AUTHOR: Louis de Gabriele, Malcolm Falzon

Legal notice 183 of 2013: The purpose of these regulations is to implement the provisions of the Financial Conglomerates Directive as currently in force and as amended from time to time, that is more specifically Directive 2011/89/EU (the “ Amending Directive”). The original Financial Conglomerates Directive made provision for the application of supplementary supervision by national authorities in the case of financial conglomerates, in particular in the case of banking and insurance supervision. The aim was that of controlling group risks and the risk arising from double gearing, whereby a number of companies pool their overall risk by placing capital with each other.

On the other hand, the Amending Directive aims at ensuring appropriate supplementary supervision of financial entities in a financial conglomerate whilst also adapting financial supervision to the new European supervisory structure.
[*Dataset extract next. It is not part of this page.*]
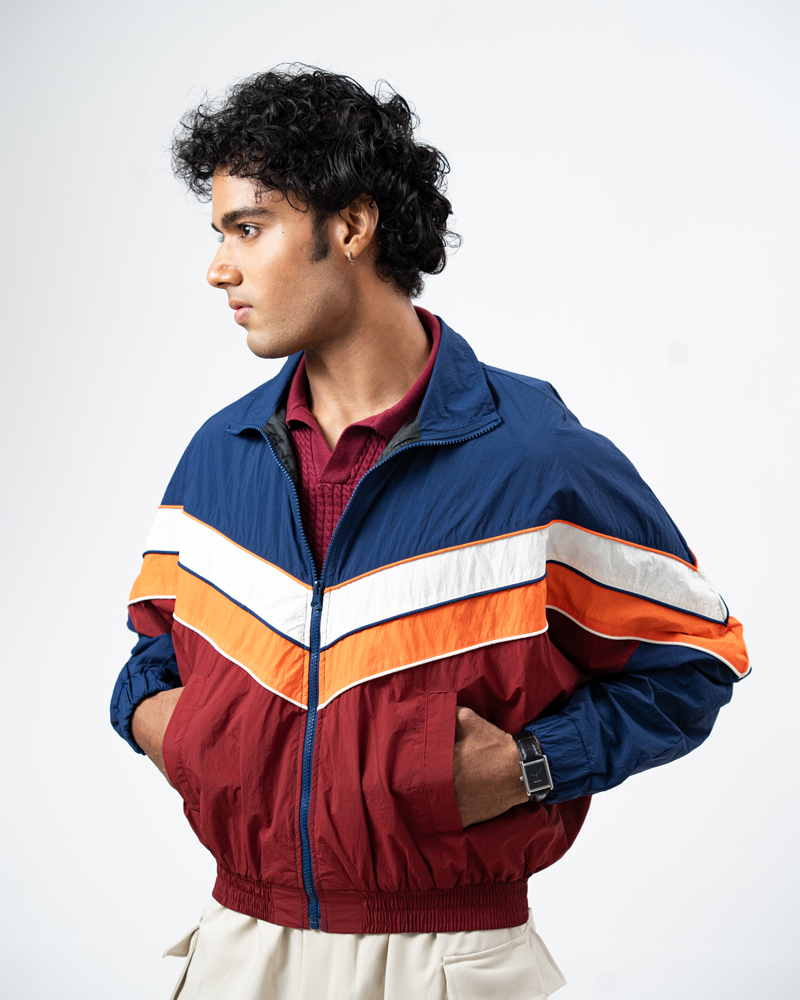 Retro Sports Jacket in Navy Blue & Maroon - Image 12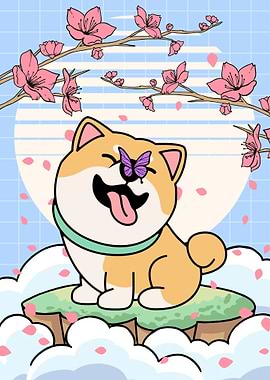 Shiba Inu Cherry Blossom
The major amendments introduced by these regulations are the following:

  1. inclusion of asset management companies in the threshold tests for identifying a conglomerate;
  2. a waiver for smaller groups if the relevant supervisor assesses the group risks to be negligible;
  3. allowing for risk-based assessments, in addition to existing definitions relating to size, in identifying financial conglomerates; and
  4. allowing for supervision which supplements but does not substitute sectoral supervision when a group is headed by a financial or insurance holding company.

The Amending Directive also amends the Capital Requirements Directive and the Directive on Supplementary Supervision of Insurance Undertakings in Insurance Groups.